RBS adds to bank sector gains
The announcement of RBS’s first dividend in a decade enables its shares to join other large European banks even after the UK lender reported the latest in a long series of messy earnings. These included a £1bn charge related to the settlement of residential mortgage-backed securities mis-selling in the U.S. RBS also reported a further £800m in litigations costs. Regulatory approval to resume dividend payments was conditional on the DOJ settlement so the news was not surprising. However, attributable profit for the second quarter was £96m when a £741m loss was widely forecast, taking interim profits to a solid £1.8bn. Firm second-quarter figures from Credit Agricole also underpinned Europe’s banking sector, in turn contributing to overall gains. All industry sub-index components of the broad STOXX 600 trade higher.
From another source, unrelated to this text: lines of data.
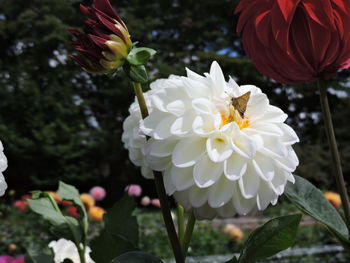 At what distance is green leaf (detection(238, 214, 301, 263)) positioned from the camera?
0.29 metres

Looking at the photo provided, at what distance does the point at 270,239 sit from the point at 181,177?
8 centimetres

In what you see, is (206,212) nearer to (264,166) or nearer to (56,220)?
(264,166)

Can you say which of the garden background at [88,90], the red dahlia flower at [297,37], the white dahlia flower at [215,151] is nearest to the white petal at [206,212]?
the white dahlia flower at [215,151]

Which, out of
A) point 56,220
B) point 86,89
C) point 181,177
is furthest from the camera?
point 86,89

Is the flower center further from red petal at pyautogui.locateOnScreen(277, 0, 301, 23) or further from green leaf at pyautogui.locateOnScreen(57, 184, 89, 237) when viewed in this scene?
green leaf at pyautogui.locateOnScreen(57, 184, 89, 237)

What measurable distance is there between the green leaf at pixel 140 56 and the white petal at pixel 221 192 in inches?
3.2

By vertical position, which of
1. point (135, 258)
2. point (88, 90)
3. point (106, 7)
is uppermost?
point (106, 7)

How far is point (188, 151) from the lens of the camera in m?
0.26

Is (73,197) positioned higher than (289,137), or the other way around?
(289,137)

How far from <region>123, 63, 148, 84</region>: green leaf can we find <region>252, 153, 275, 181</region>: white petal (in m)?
0.08

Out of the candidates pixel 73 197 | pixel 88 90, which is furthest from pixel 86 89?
pixel 73 197

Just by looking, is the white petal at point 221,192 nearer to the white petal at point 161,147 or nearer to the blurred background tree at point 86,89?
the white petal at point 161,147

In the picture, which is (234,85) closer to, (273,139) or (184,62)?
(273,139)

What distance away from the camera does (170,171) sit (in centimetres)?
26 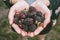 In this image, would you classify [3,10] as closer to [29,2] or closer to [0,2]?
[0,2]

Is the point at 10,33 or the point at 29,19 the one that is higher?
the point at 29,19

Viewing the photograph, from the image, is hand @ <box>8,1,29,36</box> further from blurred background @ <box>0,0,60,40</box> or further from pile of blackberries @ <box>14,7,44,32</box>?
blurred background @ <box>0,0,60,40</box>

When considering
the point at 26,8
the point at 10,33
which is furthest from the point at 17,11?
the point at 10,33

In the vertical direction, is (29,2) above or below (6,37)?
above

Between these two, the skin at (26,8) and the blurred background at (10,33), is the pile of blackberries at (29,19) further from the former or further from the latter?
the blurred background at (10,33)

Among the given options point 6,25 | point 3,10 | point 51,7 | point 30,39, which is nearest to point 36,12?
point 51,7

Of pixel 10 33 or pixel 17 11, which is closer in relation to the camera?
pixel 17 11

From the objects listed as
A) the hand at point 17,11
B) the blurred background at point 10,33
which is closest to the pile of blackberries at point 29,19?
the hand at point 17,11

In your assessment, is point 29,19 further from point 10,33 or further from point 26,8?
point 10,33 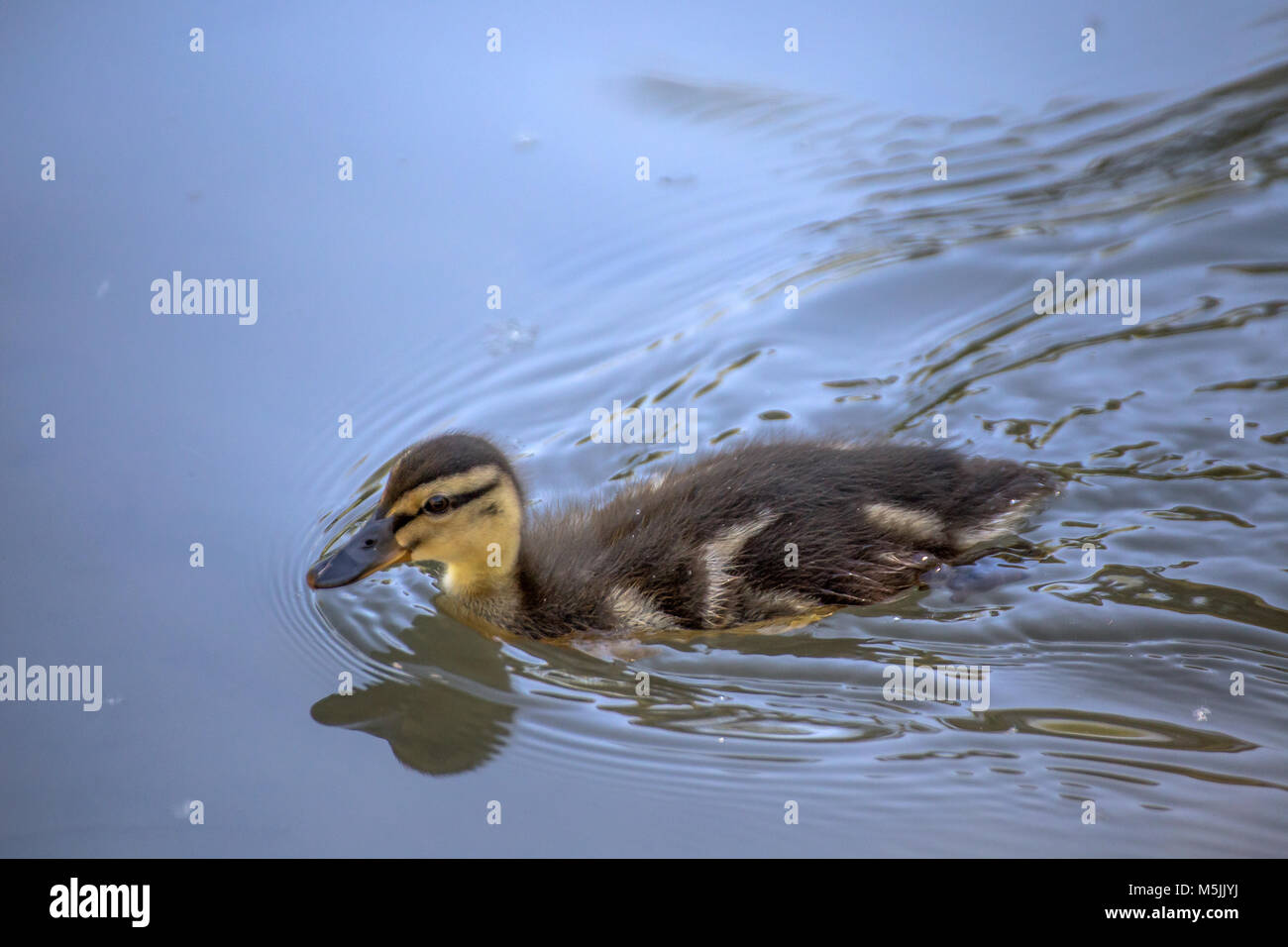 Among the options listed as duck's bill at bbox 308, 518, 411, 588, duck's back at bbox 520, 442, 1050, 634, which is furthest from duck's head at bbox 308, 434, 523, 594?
duck's back at bbox 520, 442, 1050, 634

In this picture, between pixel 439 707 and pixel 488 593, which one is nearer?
pixel 439 707

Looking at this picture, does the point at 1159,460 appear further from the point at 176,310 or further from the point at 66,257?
the point at 66,257

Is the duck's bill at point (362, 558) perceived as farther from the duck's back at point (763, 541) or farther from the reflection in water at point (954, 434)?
the duck's back at point (763, 541)

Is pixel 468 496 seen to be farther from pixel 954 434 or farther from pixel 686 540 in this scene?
pixel 954 434

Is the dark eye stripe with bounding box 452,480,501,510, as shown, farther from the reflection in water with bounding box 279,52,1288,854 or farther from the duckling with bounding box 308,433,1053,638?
the reflection in water with bounding box 279,52,1288,854

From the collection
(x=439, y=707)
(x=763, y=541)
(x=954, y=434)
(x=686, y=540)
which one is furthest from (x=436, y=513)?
(x=954, y=434)

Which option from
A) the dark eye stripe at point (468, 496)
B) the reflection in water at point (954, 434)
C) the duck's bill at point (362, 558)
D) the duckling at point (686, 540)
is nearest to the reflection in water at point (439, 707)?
the reflection in water at point (954, 434) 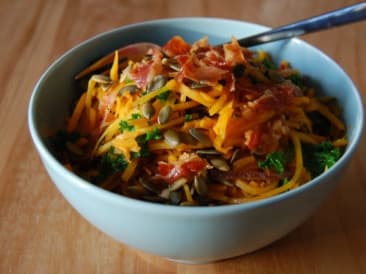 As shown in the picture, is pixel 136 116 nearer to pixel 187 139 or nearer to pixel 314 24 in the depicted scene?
pixel 187 139

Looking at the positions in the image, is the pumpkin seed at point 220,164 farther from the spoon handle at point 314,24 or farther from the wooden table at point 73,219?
the spoon handle at point 314,24

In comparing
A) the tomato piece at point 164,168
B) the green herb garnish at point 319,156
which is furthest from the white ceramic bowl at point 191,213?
the tomato piece at point 164,168

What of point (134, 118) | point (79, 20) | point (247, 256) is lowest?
point (79, 20)

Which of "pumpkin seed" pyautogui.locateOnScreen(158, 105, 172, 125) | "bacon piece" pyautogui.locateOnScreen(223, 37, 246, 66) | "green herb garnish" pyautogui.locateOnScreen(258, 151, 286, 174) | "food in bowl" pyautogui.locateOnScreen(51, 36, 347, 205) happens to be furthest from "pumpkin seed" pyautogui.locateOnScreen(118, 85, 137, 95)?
"green herb garnish" pyautogui.locateOnScreen(258, 151, 286, 174)

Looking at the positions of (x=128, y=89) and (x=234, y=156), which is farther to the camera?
(x=128, y=89)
Still, this snapshot contains enough vulnerability for signs of caution to remain quite visible: note a fleeting dip into the red by U.S. futures earlier on. It has after all been another head-spinning week with more salvos of trade rhetoric juxtaposed with another grind higher by the dollar. Further disturbing indications came from China’s yuan. Under pressure for months due to the trade dispute, it slid a further 0.4% to as low as ¥6.8926 on Thursday, a new 14-month bottom.
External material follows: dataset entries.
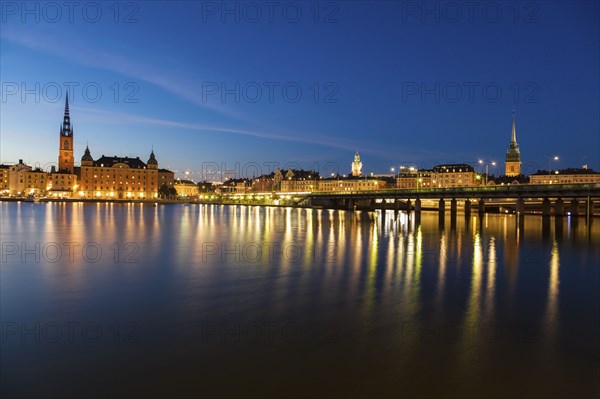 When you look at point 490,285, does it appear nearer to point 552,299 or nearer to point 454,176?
point 552,299

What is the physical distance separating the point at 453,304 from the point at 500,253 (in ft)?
58.8

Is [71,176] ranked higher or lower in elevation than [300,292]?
higher

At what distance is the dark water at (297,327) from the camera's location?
387 inches

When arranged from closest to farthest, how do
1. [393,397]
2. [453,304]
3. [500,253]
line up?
[393,397] → [453,304] → [500,253]

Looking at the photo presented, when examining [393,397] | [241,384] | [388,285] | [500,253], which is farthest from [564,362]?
[500,253]

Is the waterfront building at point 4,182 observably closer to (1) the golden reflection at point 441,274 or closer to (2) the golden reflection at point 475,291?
(1) the golden reflection at point 441,274

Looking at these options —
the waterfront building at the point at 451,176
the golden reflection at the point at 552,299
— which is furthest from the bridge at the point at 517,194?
the waterfront building at the point at 451,176

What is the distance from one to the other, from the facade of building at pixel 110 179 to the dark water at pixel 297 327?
173362 mm

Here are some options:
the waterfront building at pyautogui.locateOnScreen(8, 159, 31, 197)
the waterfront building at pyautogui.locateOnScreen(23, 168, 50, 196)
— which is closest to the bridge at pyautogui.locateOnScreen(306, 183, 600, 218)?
the waterfront building at pyautogui.locateOnScreen(23, 168, 50, 196)

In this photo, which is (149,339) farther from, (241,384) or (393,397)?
(393,397)

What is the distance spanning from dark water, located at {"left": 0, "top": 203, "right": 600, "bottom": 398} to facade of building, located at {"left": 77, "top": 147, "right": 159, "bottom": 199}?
569 ft

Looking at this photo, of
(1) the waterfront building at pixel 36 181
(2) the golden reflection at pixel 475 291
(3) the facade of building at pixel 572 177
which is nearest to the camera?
(2) the golden reflection at pixel 475 291

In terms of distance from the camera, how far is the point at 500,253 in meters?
32.7

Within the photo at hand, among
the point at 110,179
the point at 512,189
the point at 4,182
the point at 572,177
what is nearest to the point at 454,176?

Dollar challenge for risk appetite
And it is dollar strength that could turn out to be the key remaining challenge to risk appetite at the end of the week. After the Federal Reserve managed to squeeze more optimism into its statement despite leaving policy unchanged, the barrelling greenback is on its second straight weekly advance. Given the stop-start nature of the rise from a more than four-year low in January—the dollar index has not had three consecutive rising weeks since the end of May—the greenback may soon pause. Either way, a stock market reversal earlier in the week was partly triggered by that new quantum of dollar strength. This suggests a tipping point could be near. One perception is that countries with current account deficits face even tighter dollar financing on top of deepening trade animus. Furthermore, at some point, investors in U.S. multinationals will begin worrying about export demand again, as well as possible drag on commodity prices. Friday’s non-farm payrolls release will be an important inflection point
Slight pain-trade risk from payrolls
ADP’s private payrolls data beat expectations with 219,000, weekly jobless claims were lower whilst ISM’s manufacturing sector employment PMI beat expectations. This time, forecasters lack the usual input from ISM’s reading of the much larger U.S. service sector. But even without that, risks are pointed topside for payrolls. Reuters’s poll points the headline at a 190,000 rise after 213,000 in June. Unemployment is expected to fall to 3.9% from 4%. The figures markets are most sensitive to, average hourly earnings growth rates, are seen at 0.3% month-on-month from 0.2%, and unchanged at 2.7% yearly. To be clear, the dollar will need these metrics to turn out indisputably strong to extend near term gains. Positioning seems to back this: the latest CFTC data showed dollar longs at their highest since January 2017. The dollar index looks set to rise at least 0.3%-0.5% this week. That suggests long positions are even now greater. Thus a 200,000-plus payrolls print is unlikely to entice bulls further. A moderately severe miss – say under 170,000 – could trigger a shake-out. Thus, the pain-trade risk looks relatively slight. However, with the dollar finding more pretexts for further gains than losses right now, we expect markets to be on alert for more of the former.